Recorded information.
==*==
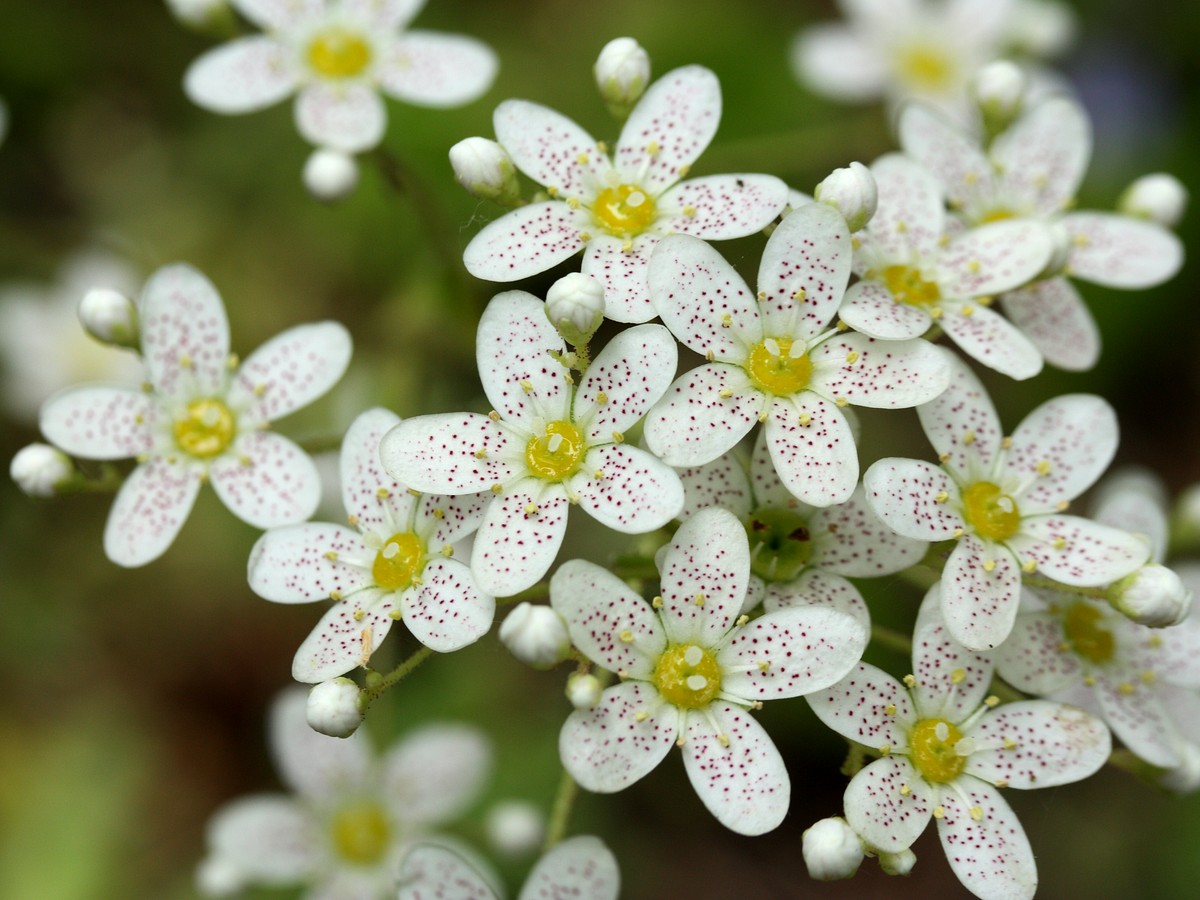 Изображение особи Saxifraga cotyledon.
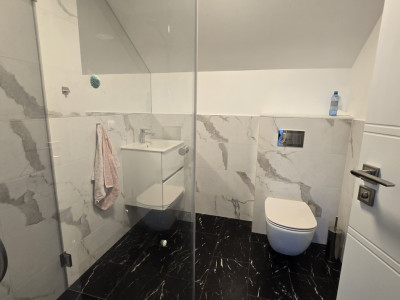 Case de vanzare Cluj-Napoca Dambul-Rotund imagine mica 9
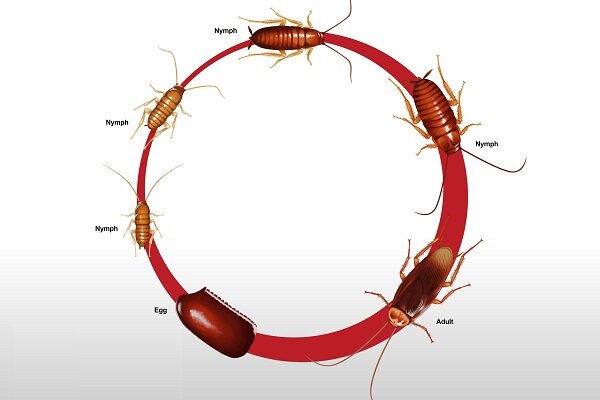 Жизненный цикл тараканов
==*==
Brief. The reply should contain all of the data above, word for word, with no pictures.

Answer space.
 Изображение особи Saxifraga cotyledon.
 Case de vanzare Cluj-Napoca Dambul-Rotund imagine mica 9
 Жизненный цикл тараканов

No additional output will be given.